Stored entries:
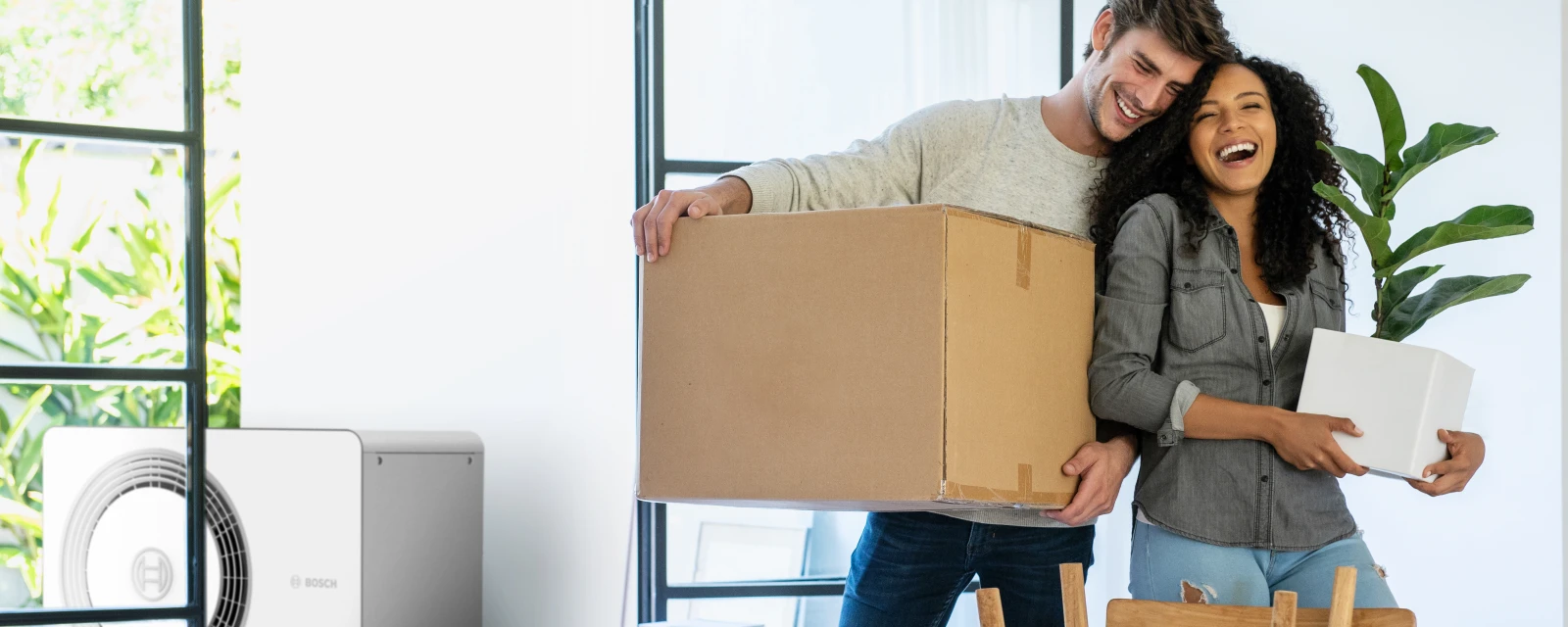 Ein Paar befindet sich im Umzug während auf der Terrasse eine Luft-Wasser-Wärmepumpe zu sehen ist.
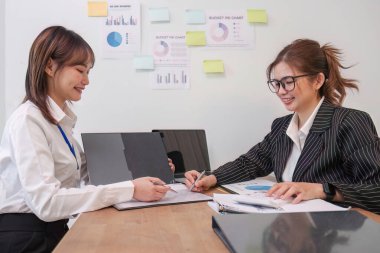 İş adamları toplantı odasında proje stratejisi hakkında konuşuyorlar. İş adamı, mali veri raporu hakkında sohbet ve tavsiyelerde bulunurken, modern işyerindeki iş arkadaşıyla proje planlamasını tartıştı..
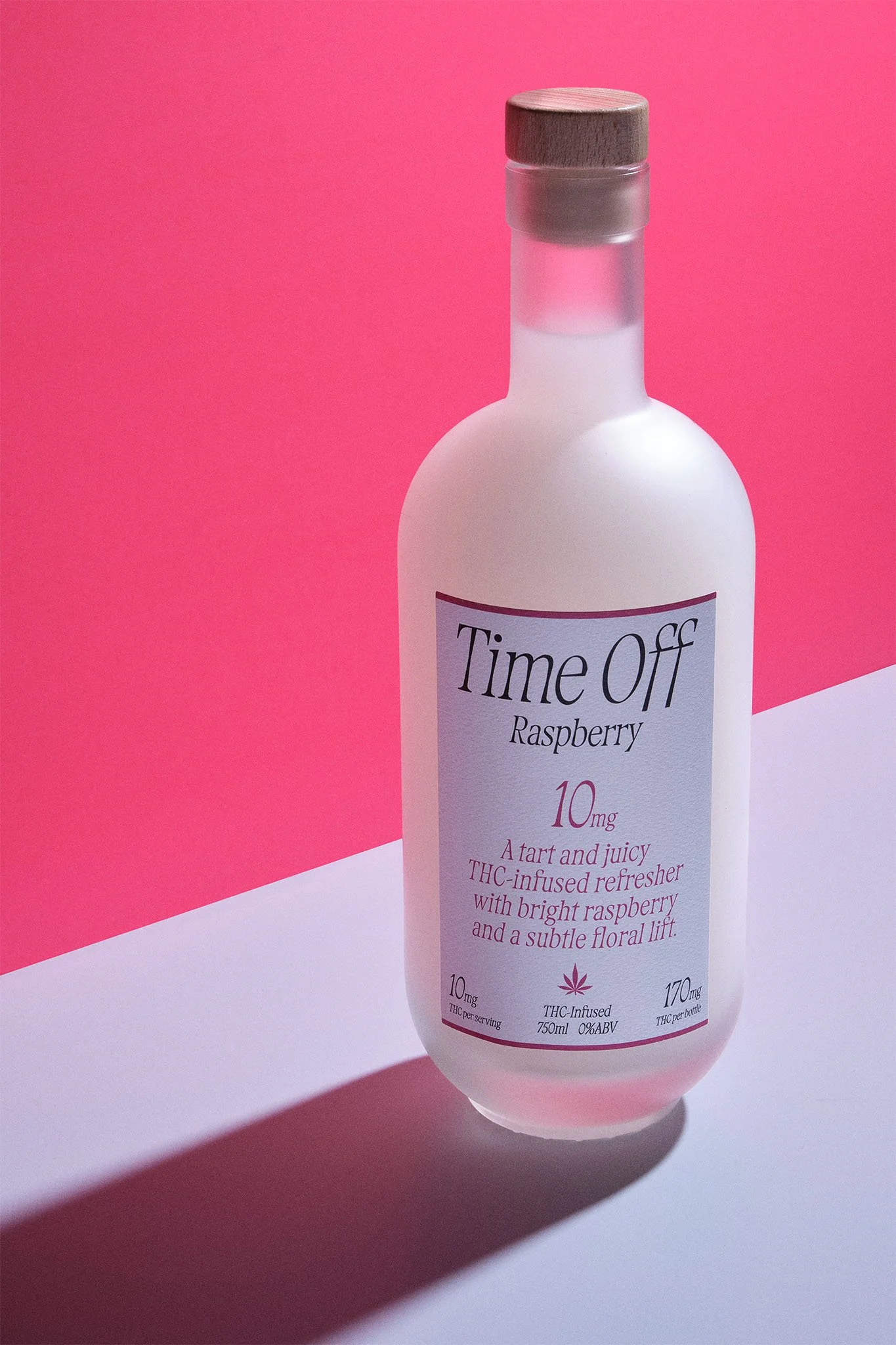 A white bottle with a wooden cap labeled 'Time Off Raspberry,' a THC-infused raspberry refresher with bright raspberry flavor and floral lift, on a pink and white background.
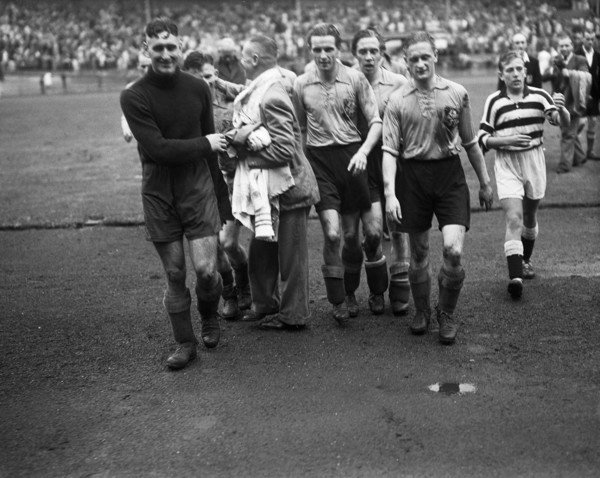 September 21, 1947 - Soccer players leaving the field after a match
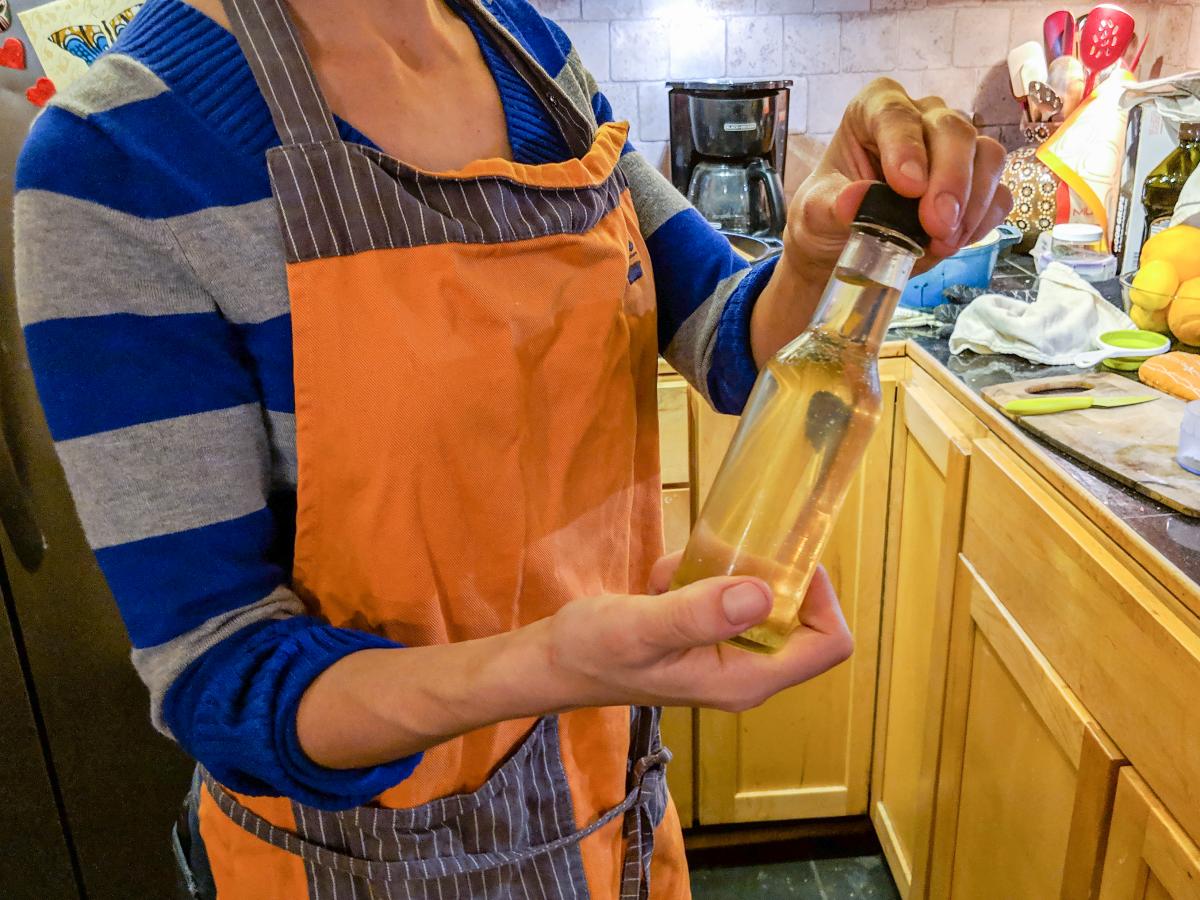 Rosie holding a bottle of citrus-infused simple syrup.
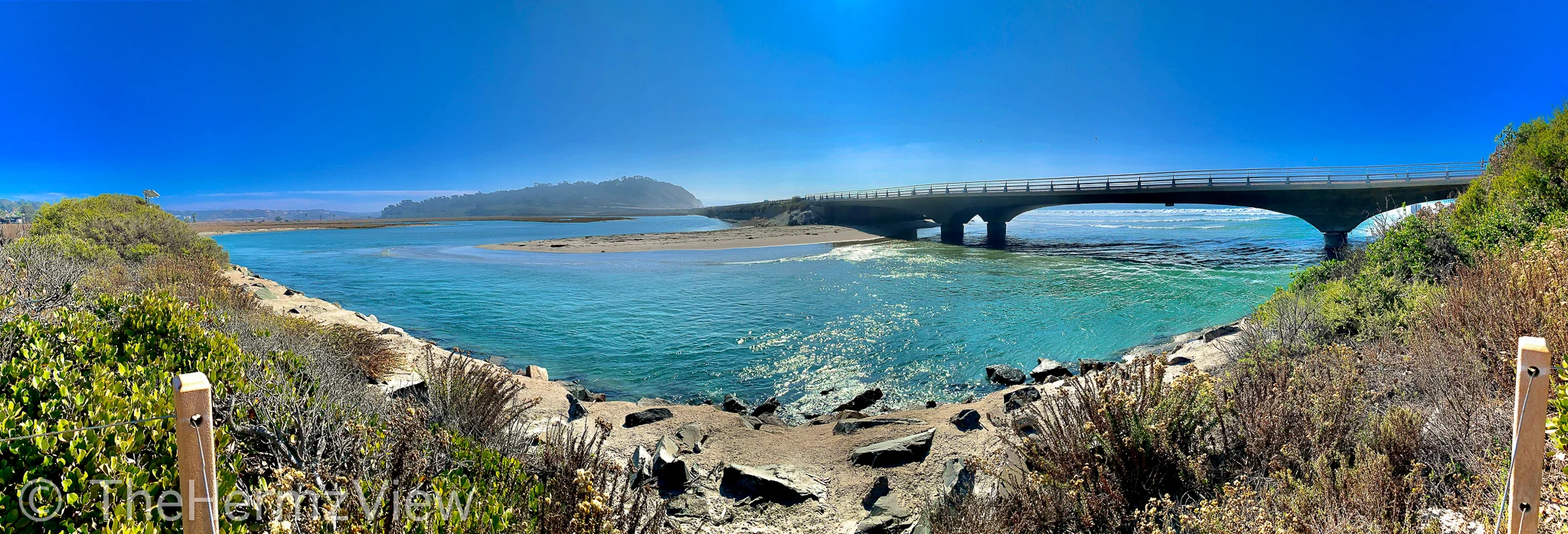 Panoramic view of a concrete bridge spanning a turquoise coastal inlet under a clear blue sky, framed by foreground scrub and wooden fence posts.
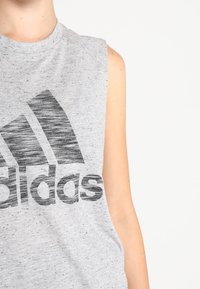 Harmaa hihaton paita, jossa on teksturoitu pinta ja iso musta Adidas-logo rinnassa. Sujuva kangas ja rento istuvuus.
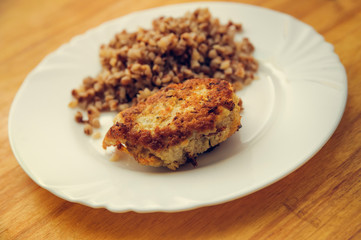 economy food. rissole and buckwheat groats
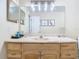 Bathroom with light wood vanity and large mirror at 933 El Lago Ter, Winter Springs, FL 32708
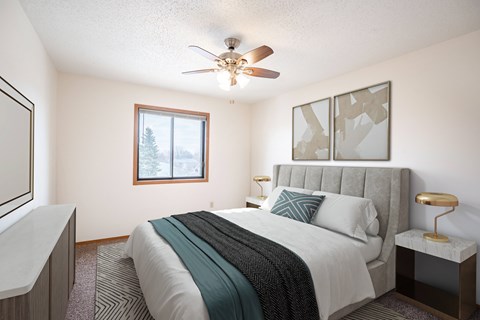 A bedroom with a bed, nightstand, and window. Fargo, ND Hawthorn Apartments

§ Task goal
What is needed is a word-for-word restatement of the entries, minus any pictures.

§ Answer to the exercise
 Ein Paar befindet sich im Umzug während auf der Terrasse eine Luft-Wasser-Wärmepumpe zu sehen ist.
 İş adamları toplantı odasında proje stratejisi hakkında konuşuyorlar. İş adamı, mali veri raporu hakkında sohbet ve tavsiyelerde bulunurken, modern işyerindeki iş arkadaşıyla proje planlamasını tartıştı..
 A white bottle with a wooden cap labeled 'Time Off Raspberry,' a THC-infused raspberry refresher with bright raspberry flavor and floral lift, on a pink and white background.
 September 21, 1947 - Soccer players leaving the field after a match
 Rosie holding a bottle of citrus-infused simple syrup.
 Panoramic view of a concrete bridge spanning a turquoise coastal inlet under a clear blue sky, framed by foreground scrub and wooden fence posts.
 Harmaa hihaton paita, jossa on teksturoitu pinta ja iso musta Adidas-logo rinnassa. Sujuva kangas ja rento istuvuus.
 economy food. rissole and buckwheat groats
 Bathroom with light wood vanity and large mirror at 933 El Lago Ter, Winter Springs, FL 32708
 A bedroom with a bed, nightstand, and window. Fargo, ND Hawthorn Apartments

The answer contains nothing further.